Disclosing software vulnerabilities can be bad for stock price, according to research carried out by security firm McAfee.
Written by Adrian Kingsley-Hughes, Senior Contributing Editor

Disclosing software vulnerabilities can be bad for stock price, according to research carried out by security firm McAfee.

When McAfee researcher Anthony Bettini examines Microsoft's changing stock price, he found that the company underperformed on the days when it announced and released patches (days known as "Advanced Notification Thursday," which is the first Thursday of the month, and "Patch Tuesday," which is the second Tuesday of the month).

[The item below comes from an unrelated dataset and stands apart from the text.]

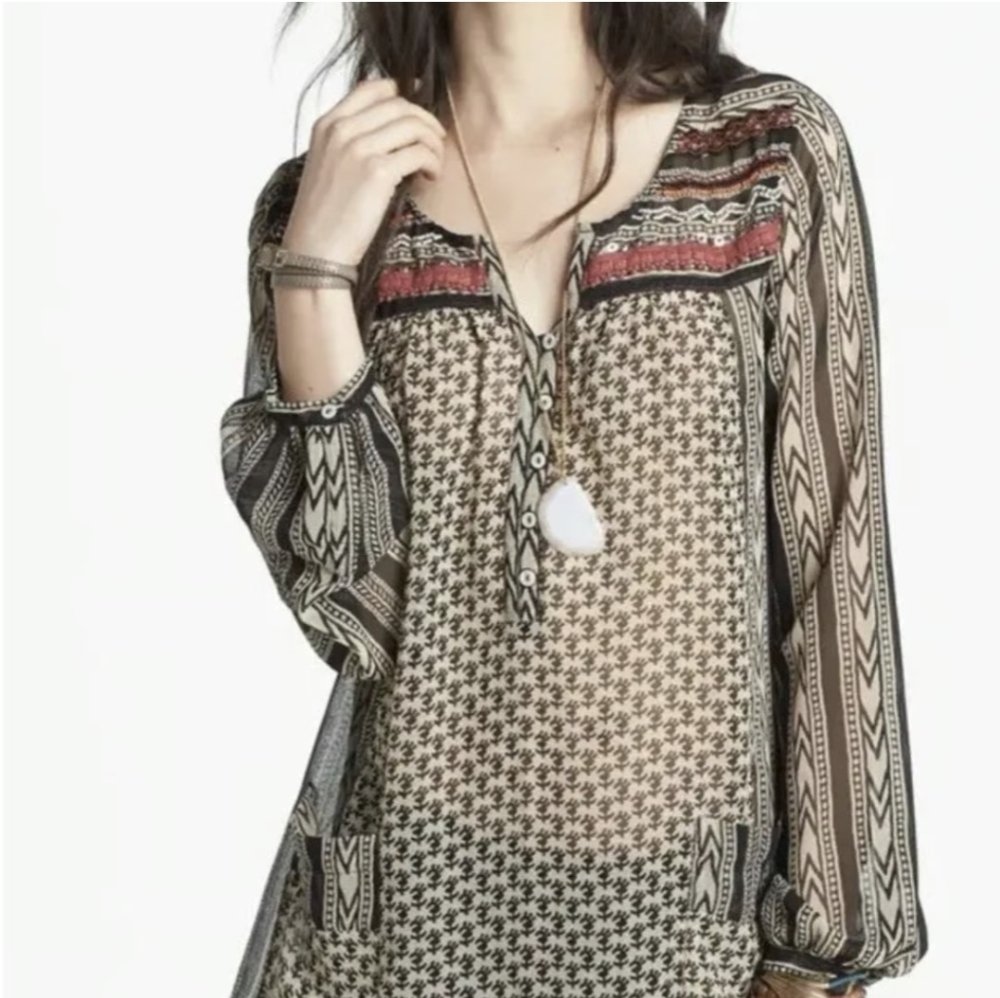 Free People Feather In The Wind Oversized Tunic Top Womens Size Small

The data for Path Tuesday's is particularly interesting (note how the effect seems to be snowballing):

  • 2006: -0.11%
  • 2007: -0.29%
  • 2008: -0.45%

Compare this to any other normal Tuesday:

  • 2006: -0.03%
  • 2007: 0.05%
  • 2008: 0.16%

Or Microsoft average stock day in a particular year:

  • 2006: 0.08%
  • 2007: 0.06%
  • 2008: -0.17%

Here's more data:

 
2msftintradayhighsm.png

What's equally interesting is that the stock price almost always recovers the day after Patch Tuesday. Bettini said that "this is probably because institutional investors or market makers feel Microsoft was oversold the day before because of the bad news and that, in reality, Microsoft's value as an investment was only negligibly affected."

Are there some shady investors taking advantage of this? I doubt it myself given how small the effect is, but in today's climate you never know.